DISTRICT COURT OF APPEAL OF THE STATE OF FLORIDA
FOURTH DISTRICT
NANCY B. HUA,
Appellant,
v.
DENNIS H.L. TSUNG,
Appellee.
No. 4D15-4213
[July 5, 2017]
Appeal from the Circuit Court for the Seventeenth Judicial Circuit,
Broward County; Dennis D. Bailey, Judge; L.T. Case No. FMCE13009407
44 90.
Dirk Lorenzen of Lorenzen Law, Coral Gables, for appellant.
Steven Friedman of Law Office of Steven Friedman, Pembroke Pines, for
appellee.
ON MOTION FOR REHEARING
FORST, J.
We grant the motion for rehearing, withdraw our previously issued
opinion, and substitute the following.
Appellant Nancy Hua (“Wife”) appeals the trial court’s final judgment of
dissolution of marriage. Primarily, Wife contends that the trial court erred
by (1) not awarding her permanent alimony; (2) failing to classify certain
stock as assets in determining support; (3) ordering the parties to pay the
proceeds of the sale of rental property to a certain non-party creditor; and
(4) denying her motion for attorney’s fees.

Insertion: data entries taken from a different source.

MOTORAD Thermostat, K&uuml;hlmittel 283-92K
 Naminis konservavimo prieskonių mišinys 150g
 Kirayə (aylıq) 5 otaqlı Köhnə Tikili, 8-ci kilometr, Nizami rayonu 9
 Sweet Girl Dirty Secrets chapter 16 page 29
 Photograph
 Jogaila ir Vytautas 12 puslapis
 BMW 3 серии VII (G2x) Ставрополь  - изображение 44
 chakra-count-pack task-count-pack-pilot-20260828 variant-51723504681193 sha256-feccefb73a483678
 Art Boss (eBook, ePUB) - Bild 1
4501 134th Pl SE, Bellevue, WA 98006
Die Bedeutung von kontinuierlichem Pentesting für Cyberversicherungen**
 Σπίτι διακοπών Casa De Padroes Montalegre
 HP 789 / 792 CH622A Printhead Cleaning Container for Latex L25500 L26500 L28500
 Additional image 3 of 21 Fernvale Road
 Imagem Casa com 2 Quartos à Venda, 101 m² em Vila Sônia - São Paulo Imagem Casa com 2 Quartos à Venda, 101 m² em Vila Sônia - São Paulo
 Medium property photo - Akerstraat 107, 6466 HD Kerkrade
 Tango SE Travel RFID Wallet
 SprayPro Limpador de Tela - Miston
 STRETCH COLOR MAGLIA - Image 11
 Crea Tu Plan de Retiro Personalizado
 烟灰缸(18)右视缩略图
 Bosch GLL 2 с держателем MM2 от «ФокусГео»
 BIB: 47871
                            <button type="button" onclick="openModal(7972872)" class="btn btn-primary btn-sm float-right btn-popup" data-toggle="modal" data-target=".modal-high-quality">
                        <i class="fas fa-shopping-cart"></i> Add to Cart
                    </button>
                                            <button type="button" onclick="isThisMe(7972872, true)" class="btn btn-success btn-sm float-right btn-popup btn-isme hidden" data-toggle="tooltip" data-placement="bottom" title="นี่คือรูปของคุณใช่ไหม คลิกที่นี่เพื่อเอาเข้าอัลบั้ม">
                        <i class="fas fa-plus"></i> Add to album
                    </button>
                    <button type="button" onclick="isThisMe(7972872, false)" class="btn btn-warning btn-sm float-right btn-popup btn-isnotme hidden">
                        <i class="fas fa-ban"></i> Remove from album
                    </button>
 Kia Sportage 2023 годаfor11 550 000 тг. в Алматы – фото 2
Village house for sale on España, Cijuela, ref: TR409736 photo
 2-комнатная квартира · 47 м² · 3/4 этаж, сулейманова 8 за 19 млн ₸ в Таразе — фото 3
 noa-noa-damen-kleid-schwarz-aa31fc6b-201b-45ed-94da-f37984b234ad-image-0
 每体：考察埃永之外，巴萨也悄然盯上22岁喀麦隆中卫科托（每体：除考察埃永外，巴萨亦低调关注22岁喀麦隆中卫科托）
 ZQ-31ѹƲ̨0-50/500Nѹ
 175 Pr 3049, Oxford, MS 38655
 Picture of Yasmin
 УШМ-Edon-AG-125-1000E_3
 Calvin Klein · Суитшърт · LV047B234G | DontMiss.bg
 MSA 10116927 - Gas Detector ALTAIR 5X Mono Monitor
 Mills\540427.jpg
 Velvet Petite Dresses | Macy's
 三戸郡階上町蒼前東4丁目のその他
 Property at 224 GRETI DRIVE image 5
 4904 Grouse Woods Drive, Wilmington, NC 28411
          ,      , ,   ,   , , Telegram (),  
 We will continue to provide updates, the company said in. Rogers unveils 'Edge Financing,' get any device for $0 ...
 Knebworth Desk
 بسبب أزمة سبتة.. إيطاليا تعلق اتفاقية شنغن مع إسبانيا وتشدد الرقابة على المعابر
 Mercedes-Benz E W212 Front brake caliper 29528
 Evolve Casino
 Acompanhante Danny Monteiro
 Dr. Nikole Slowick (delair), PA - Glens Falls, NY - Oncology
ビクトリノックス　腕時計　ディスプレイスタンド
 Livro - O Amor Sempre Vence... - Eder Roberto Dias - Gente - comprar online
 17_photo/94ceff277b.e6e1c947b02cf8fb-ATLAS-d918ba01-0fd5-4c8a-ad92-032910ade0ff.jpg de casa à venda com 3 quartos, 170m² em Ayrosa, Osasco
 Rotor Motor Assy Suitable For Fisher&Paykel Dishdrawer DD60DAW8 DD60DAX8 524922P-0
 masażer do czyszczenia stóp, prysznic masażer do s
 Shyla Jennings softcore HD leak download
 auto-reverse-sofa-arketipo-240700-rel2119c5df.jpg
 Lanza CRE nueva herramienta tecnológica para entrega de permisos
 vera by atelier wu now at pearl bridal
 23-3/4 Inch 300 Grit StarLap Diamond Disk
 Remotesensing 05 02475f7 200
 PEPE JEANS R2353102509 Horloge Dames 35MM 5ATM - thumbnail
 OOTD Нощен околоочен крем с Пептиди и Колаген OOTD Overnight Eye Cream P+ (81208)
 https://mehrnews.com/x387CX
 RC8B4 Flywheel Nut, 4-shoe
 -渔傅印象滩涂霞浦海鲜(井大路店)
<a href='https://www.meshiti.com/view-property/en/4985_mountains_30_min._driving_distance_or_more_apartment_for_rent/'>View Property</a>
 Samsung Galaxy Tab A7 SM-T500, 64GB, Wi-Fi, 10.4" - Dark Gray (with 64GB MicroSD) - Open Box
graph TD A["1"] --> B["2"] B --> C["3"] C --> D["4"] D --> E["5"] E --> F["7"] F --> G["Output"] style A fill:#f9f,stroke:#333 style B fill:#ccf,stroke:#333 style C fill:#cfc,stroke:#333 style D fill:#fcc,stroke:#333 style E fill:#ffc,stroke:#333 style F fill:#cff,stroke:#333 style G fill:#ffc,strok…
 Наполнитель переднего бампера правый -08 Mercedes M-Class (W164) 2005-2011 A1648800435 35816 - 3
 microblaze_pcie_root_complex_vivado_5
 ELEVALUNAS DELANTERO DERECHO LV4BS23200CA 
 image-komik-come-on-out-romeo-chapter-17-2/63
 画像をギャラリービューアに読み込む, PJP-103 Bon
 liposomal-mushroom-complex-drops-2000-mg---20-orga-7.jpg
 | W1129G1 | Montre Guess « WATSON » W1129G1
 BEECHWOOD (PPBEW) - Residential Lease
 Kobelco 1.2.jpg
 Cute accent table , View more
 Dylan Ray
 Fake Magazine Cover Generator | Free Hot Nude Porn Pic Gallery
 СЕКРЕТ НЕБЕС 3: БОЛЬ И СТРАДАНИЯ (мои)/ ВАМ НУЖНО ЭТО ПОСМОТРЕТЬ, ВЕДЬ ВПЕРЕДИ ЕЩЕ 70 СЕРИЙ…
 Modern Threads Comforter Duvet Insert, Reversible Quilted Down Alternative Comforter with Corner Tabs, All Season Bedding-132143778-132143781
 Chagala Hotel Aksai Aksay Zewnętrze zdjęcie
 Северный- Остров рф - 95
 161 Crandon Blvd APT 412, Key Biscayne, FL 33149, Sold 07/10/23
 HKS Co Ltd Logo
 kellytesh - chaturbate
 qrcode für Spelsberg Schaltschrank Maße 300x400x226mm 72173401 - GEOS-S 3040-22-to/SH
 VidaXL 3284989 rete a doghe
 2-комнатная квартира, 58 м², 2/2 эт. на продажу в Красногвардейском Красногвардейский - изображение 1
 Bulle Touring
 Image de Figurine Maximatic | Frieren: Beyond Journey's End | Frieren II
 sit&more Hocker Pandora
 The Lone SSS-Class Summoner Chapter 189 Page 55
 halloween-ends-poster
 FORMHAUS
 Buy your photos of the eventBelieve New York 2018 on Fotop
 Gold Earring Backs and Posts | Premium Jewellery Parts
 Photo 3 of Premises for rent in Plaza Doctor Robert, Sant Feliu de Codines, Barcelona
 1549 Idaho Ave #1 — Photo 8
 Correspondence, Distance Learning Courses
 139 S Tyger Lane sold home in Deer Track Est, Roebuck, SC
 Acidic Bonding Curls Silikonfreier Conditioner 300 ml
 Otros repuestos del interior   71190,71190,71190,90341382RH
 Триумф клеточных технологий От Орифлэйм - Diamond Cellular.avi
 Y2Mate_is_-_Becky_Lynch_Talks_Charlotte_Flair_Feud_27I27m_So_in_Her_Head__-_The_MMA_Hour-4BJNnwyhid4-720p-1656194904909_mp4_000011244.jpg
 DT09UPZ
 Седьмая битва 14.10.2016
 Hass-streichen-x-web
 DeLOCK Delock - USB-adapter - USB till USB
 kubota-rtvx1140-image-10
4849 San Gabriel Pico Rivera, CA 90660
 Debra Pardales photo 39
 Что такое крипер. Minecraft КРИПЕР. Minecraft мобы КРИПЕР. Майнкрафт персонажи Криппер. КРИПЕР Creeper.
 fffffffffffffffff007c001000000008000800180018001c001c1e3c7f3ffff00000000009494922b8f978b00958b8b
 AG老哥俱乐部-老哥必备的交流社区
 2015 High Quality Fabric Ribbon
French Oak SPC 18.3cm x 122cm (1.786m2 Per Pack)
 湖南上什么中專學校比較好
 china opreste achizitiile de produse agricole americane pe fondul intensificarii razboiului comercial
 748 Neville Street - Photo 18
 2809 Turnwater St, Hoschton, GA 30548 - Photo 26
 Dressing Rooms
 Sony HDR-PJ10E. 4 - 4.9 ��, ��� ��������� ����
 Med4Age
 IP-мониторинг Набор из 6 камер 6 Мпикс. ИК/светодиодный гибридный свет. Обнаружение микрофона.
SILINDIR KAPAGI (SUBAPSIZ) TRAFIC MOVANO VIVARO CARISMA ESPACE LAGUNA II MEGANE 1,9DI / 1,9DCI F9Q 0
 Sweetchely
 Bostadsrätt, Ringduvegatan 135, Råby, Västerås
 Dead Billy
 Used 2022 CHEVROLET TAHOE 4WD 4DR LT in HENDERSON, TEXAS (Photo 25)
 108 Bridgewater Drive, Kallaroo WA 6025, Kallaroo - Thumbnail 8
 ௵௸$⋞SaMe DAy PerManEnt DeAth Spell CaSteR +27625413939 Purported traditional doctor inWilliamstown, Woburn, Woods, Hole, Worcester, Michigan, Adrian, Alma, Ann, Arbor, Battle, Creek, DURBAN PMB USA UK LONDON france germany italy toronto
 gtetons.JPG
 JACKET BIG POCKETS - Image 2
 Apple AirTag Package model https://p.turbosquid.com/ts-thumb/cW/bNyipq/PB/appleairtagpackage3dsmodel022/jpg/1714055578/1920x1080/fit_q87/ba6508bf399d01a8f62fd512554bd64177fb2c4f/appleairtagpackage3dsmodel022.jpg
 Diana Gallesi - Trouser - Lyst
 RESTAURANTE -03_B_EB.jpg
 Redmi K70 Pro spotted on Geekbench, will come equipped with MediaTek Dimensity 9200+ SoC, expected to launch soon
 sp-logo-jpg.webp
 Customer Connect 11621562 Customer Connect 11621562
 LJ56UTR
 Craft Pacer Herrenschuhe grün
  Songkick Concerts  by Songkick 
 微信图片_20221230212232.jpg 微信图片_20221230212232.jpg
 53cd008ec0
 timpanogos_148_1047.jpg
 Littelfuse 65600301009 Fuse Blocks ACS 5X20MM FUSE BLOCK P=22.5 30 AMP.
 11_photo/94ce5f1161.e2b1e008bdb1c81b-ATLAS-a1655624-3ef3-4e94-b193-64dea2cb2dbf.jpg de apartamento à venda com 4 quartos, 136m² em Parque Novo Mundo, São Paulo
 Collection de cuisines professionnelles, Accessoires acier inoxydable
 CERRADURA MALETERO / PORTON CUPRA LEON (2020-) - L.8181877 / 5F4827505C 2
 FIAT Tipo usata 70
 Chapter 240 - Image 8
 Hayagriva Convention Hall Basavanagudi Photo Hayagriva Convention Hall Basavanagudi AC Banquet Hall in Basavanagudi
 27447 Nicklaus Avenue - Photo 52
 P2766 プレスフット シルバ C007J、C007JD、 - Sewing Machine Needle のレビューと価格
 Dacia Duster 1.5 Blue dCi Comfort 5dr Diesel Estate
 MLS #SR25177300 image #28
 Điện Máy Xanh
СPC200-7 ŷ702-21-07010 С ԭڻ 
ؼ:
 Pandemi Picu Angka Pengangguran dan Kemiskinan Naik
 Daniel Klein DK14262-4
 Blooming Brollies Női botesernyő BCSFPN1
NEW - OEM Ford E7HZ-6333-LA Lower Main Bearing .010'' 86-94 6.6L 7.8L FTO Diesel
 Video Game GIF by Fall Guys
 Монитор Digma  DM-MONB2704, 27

We address these arguments
below, while affirming without discussion the other issues raised in Wife’s
appeal, including the classification of certain loans as marital and the
legality of the timesharing plan with respect to the couple’s children.
Background
Wife’s then-husband Dennis Tsung (“Husband”) filed for divorce in
2013. By that time, the couple had been married for seventeen-and-a-half
years. Both spouses were in their early forties by the time of divorce.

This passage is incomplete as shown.